Understanding these patterns is also essential for communicating your results clearly. Visualizations of predicted probability distributions can make complex model output accessible to non-technical audiences.
Distribution within a single group
The plot below shows how predicted probabilities of dropping out of high school are distributed within a single school. Each student has one predicted probability between 0 and 1; the density curve shows how those values are spread across that range.

In this school, a few patterns stand out:
- Many students cluster at low predicted risk (below 0.25) — they are unlikely to drop out.
- A smaller group has high predicted risk (above 0.75) — these are the students the model flags as most in need of attention.
- A notable share falls near 0.5, where the model is most uncertain about their outcome.
When communicating this plot to stakeholders, walk them through what the x-axis represents and highlight any notable clusters. It is worth addressing what a value near 0.5 means: not that a student will definitely drop out, but that the model is uncertain — which itself may be useful information for targeting follow-up.

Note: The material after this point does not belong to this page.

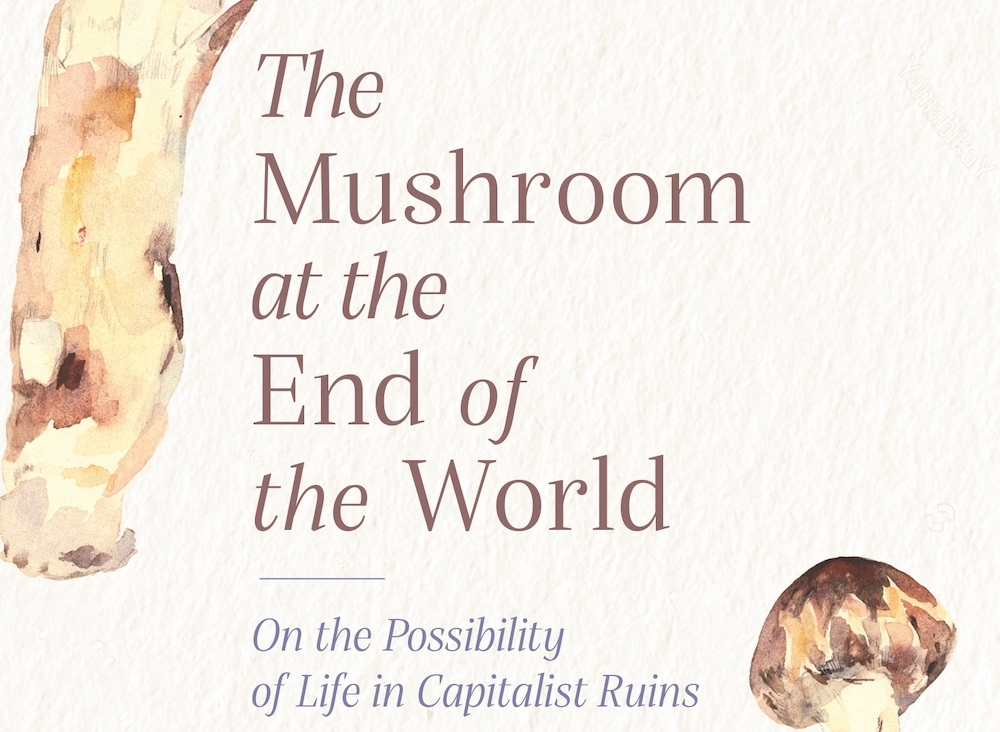 Resisting devastation: looking at the world through the matsutake mushroom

Distribution across groups
The next plot extends this view across many schools at once, making it easy to compare sites.

For each school, students are grouped into three predicted risk categories:
- Low risk: predicted probability ≤ 0.25
- Moderate risk: predicted probability > 0.25 and ≤ 0.75
- High risk: predicted probability > 0.75
This view quickly reveals which schools have the largest concentrations of high-risk students — and which schools are larger or smaller overall. For stakeholders responsible for allocating support across sites, this kind of visualization is especially useful for deciding where to focus first.
When presenting this plot, be ready to explain the thresholds used (0.25 and 0.75) — stakeholders will want to know how those cutoffs were chosen and what they imply for decisions. Threshold selection is covered in more detail in the Selecting a threshold section.